What you return must be the data below, word for word, without any images.

**Recorded data**
● ● ● ● ●

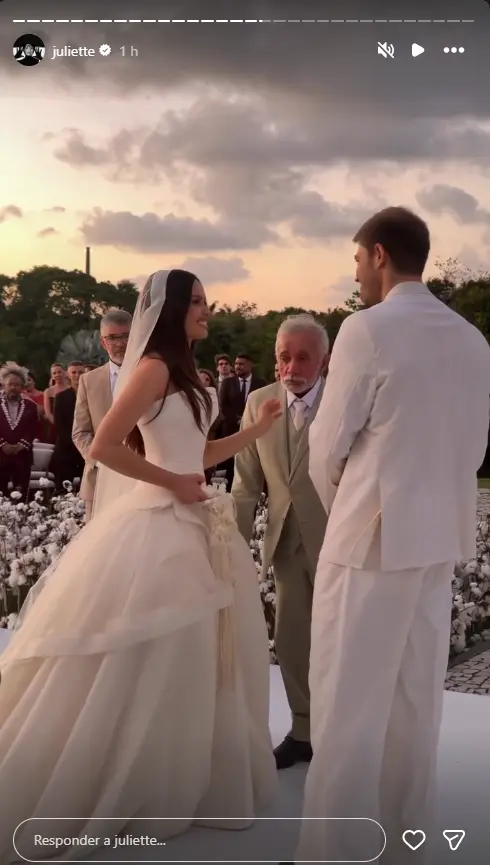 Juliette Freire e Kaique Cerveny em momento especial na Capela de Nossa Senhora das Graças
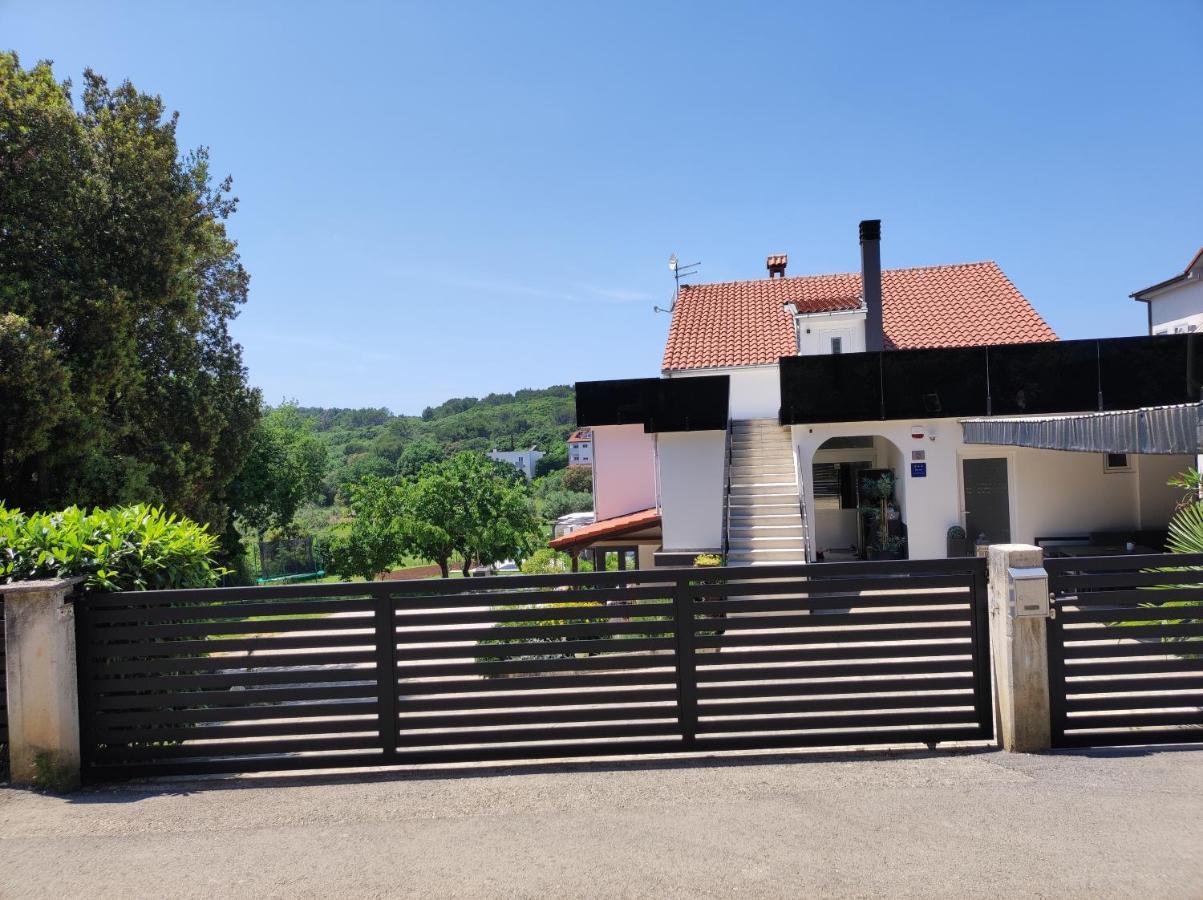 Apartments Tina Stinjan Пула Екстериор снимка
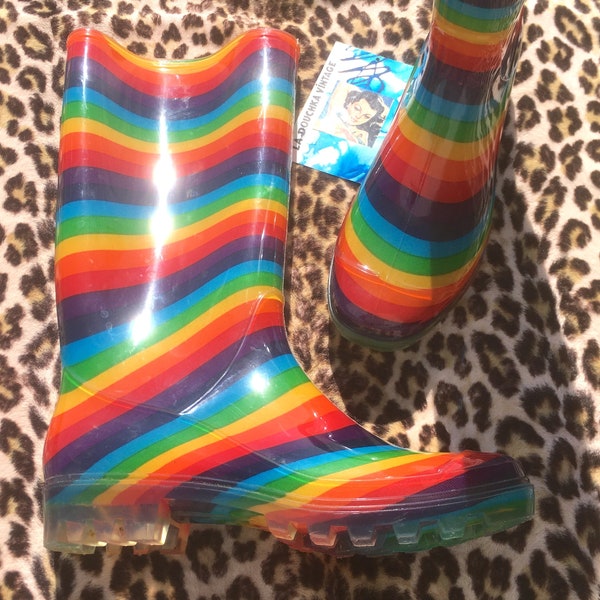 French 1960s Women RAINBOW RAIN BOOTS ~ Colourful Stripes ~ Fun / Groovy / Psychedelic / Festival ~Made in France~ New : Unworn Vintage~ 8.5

● ● ● ● ●

**Answer area**
 Juliette Freire e Kaique Cerveny em momento especial na Capela de Nossa Senhora das Graças
 Apartments Tina Stinjan Пула Екстериор снимка
 French 1960s Women RAINBOW RAIN BOOTS ~ Colourful Stripes ~ Fun / Groovy / Psychedelic / Festival ~Made in France~ New : Unworn Vintage~ 8.5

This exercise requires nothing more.